特に好きな村上春樹さん、柴田元幸さんの著書についてなど。

「太陽のパスタ、豆のスープ」宮下奈都著(集英社)

2010-02-11 | 日本の作家
「太陽のパスタ、豆のスープ」宮下奈都著(集英社)を読みました。
暗闇をさまよう明日羽(あすわ)に、叔母のロッカさんはリストを作るよう勧めます。溺れる者が掴むワラのごとき、「ドリフター(漂流者)ズリスト」。明日羽は岸辺にたどり着けるのか、そこで、何を見つけるのでしょうか。
宮下さんの最新作、内容について触れますので未読の方はご注意ください。

宮下さんの作品らしく、今回もおいしそうな食べ物がキーワードになっています。
郁ちゃんの豆のスープ、お兄ちゃんのホットケーキ。
六花さんのまずい料理でさえ、ちょっと味見してみたい。

自分のしたいこと、やりたいことをつづるドリフターズリスト。
リストをつくる過程で自分のいままで、これからを見つめなおす明日羽。
これだけだとちょっと「自己啓発本ぽいな」と感じていたのですが、「それって不可能リストじゃない?」と、途中でちゃーんと桜井さんが落としてくれます。

リストは自分を鼓舞しやる気にさせてくれる。
自分へのきっかけ、チャンス、希望。
でも逆にそれに囚われすぎると、自分自身を縛るものにもなりうる。
「宣言」は物事を成就させたいときに重要なものですが、それに届かないときには自分で自分にストレスをかけてしまう要因にもなり得る・・・なかなか難しいものです。
京の言うように、自分を「やわらかく」して自分の選びたい方向に行くというゆるやかさが長続きのコツなのかな。

明日羽にとってはとても悲しいできごとでしたが、逆に彼女にとって、今までの自分を見つめなおすきっかけとなりました。

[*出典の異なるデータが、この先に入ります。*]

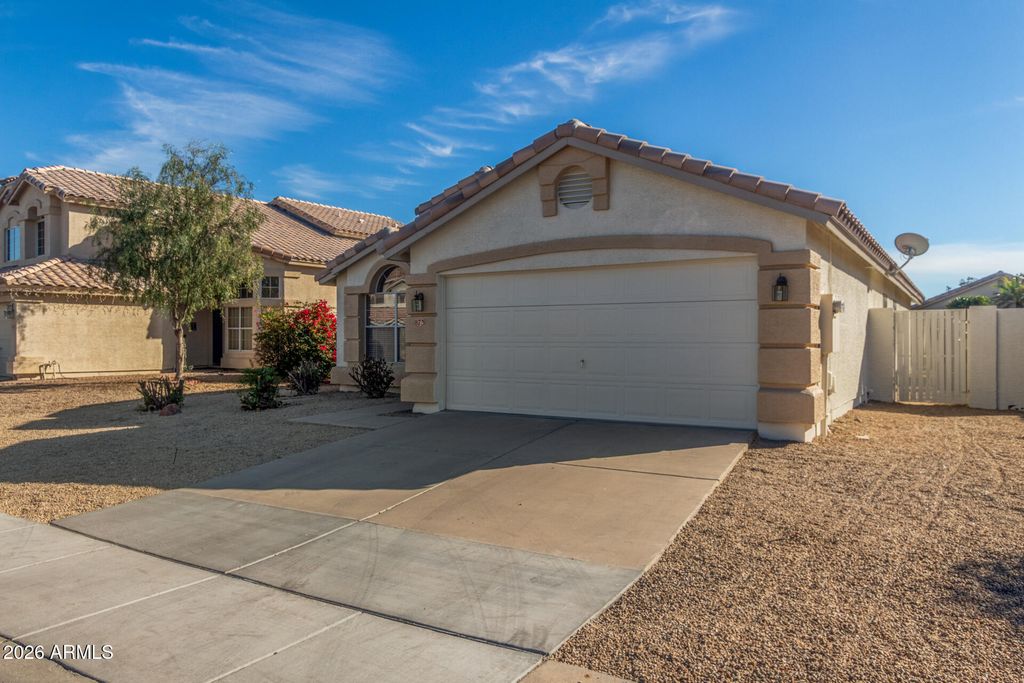 Photo of 873 E Constitution Drive, Chandler, AZ 85225 (MLS # 6971627)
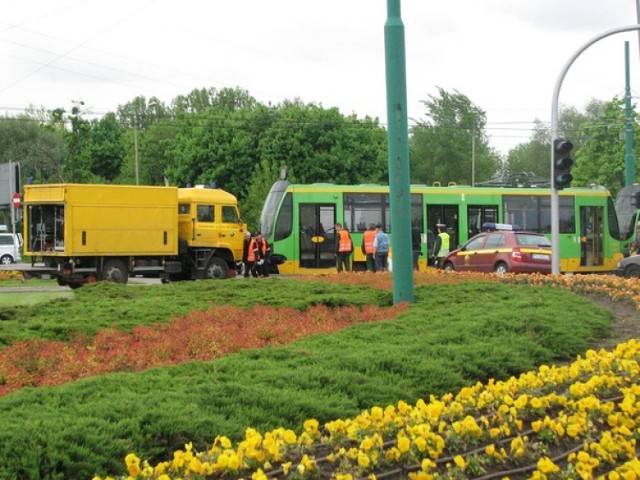 Rondo Starołęka: Uszkodzona sieć trakcyjna - tramwaje jeżdżą objazdami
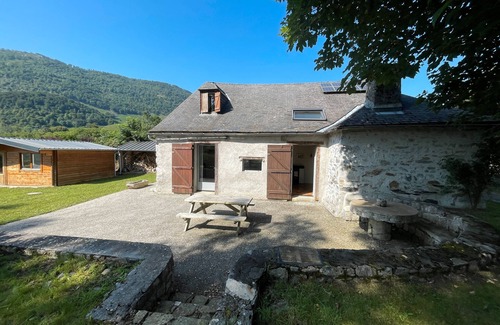 Castet Casa | Casa de vacaciones 'Ancienne Bergerie' con vistas a la montaña, terraza compartida y jardín privado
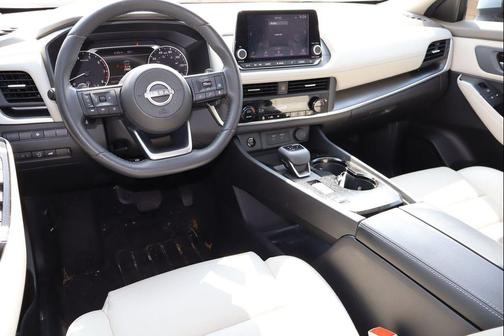 Everest White Pearl 2024 Nissan Rogue SV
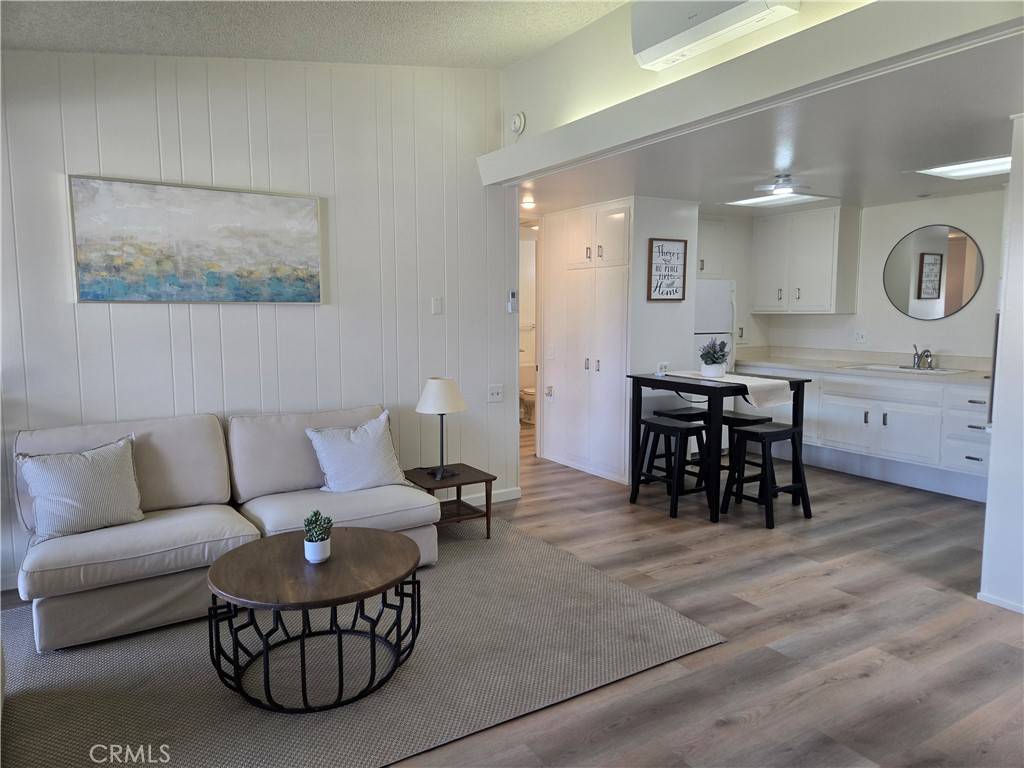 Seal Beach, CA 90740,1123 Northwood Rd #9-236I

自分が変化すべき時が、初めはマイナスの顔をして現われたということですね。そのままマイナスの方向に進んでいかなかったのはもちろん明日羽の資質もあるでしょうが、まわりの人々がとても温かい素敵な人たちだからだったのだろうなと感じました。

余談ですが、年の近い姪と風変わりな叔母という設定が、吉本ばななさんの「哀しい予感」に似てるなと思って読んでいたのですが、叔母の六花さんが郁ちゃんに初めて会ってうろたえる場面・・・ふたりの続柄は、作品には描かれていませんがもしかして???